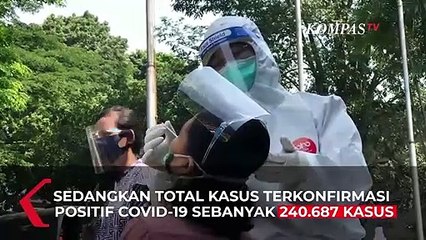 Update Corona 19 September Tambah 4.168 Kasus, 240.687 Positif, 174.350 Sembuh, 9.448 Meninggal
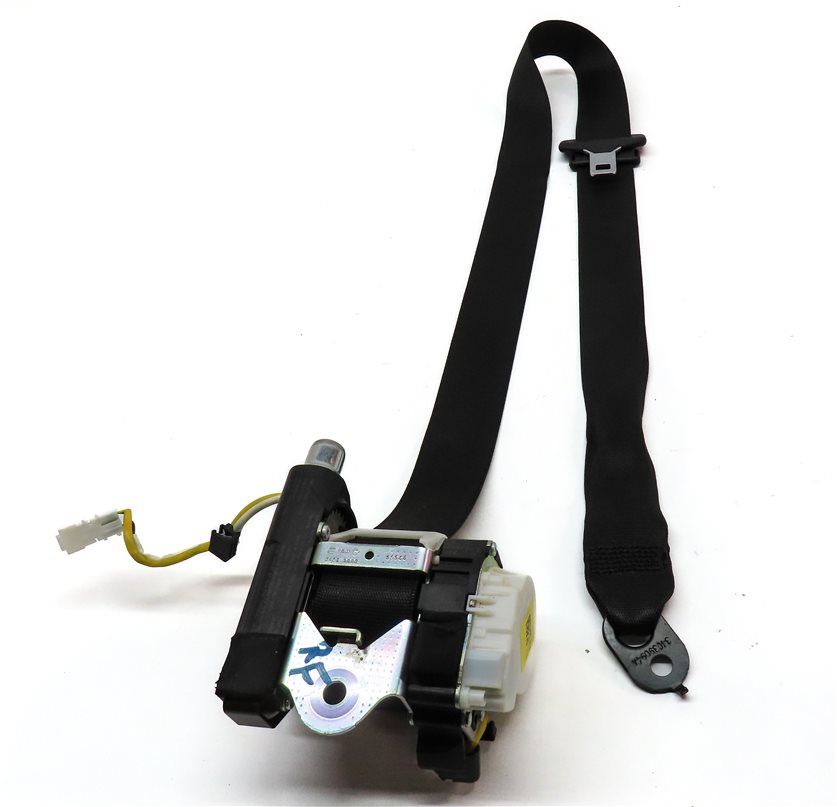 Thumbnail 4: 12-14 BMW 6 M6 (F06 F12 F13) RIGHT FRONT PASSENGER SEATBELT RETRACTOR (BLACK)
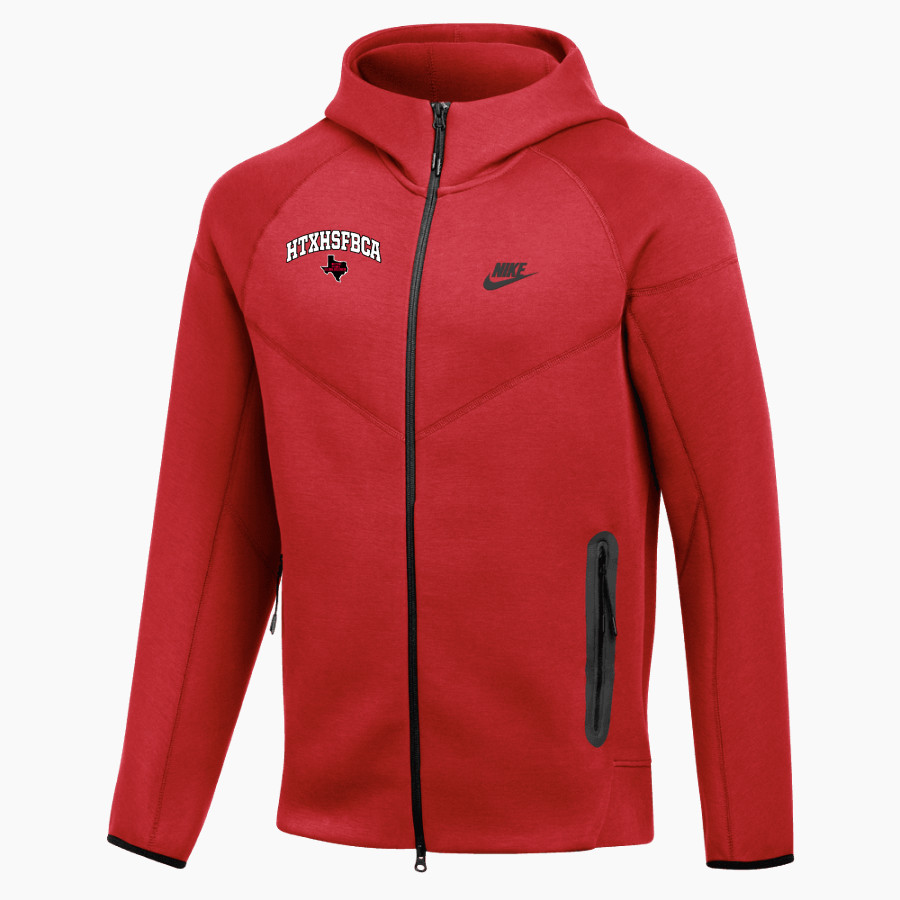 HISPANIC TEXAS HS FOOTBALL COACHES ASSOCIATION Nike Men's Tech Fleece Full-Zip Hoodie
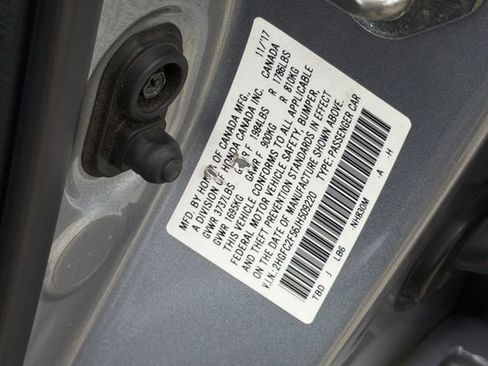 Certified 2018 Honda Civic LX image 33
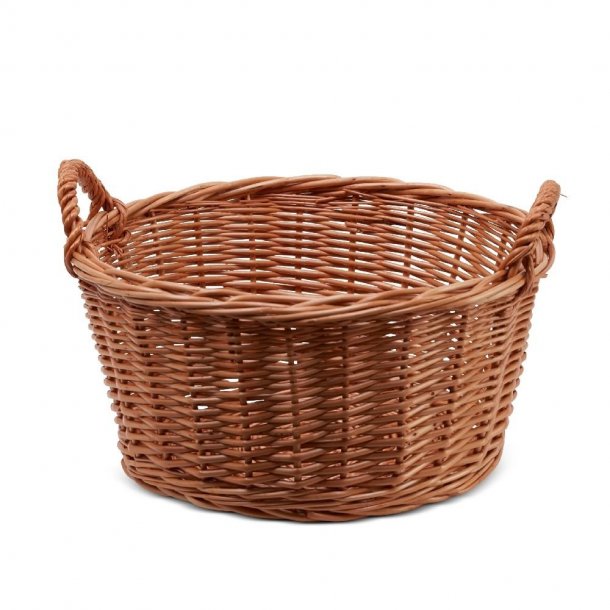 Apple basket with 2 handles 34 cm x H 17 cm 2 pieces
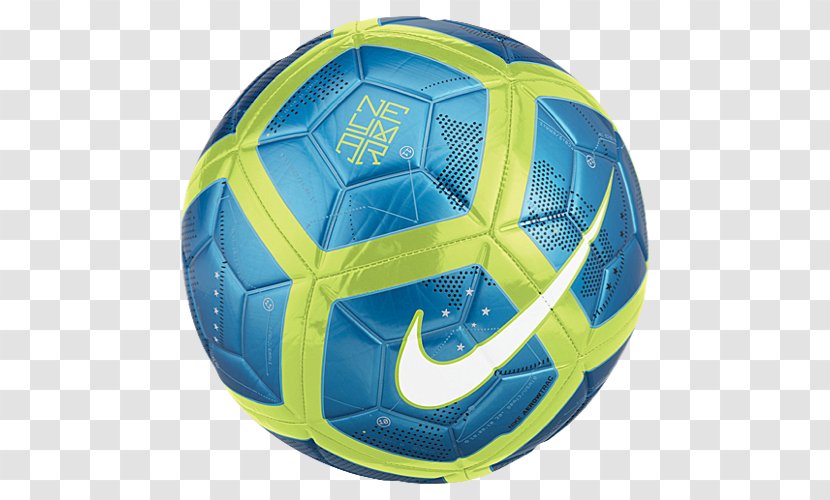 Brazil National Football Team 2018 World Cup Nike - Neymar Blue Soccer Ball Transparent PNG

#### Task description
Leave the pictures out. Extract exactly the lines running from the one with "Apple basket with" through the last entry, both ends included.

#### Task solution
 Apple basket with 2 handles 34 cm x H 17 cm 2 pieces
 Brazil National Football Team 2018 World Cup Nike - Neymar Blue Soccer Ball Transparent PNG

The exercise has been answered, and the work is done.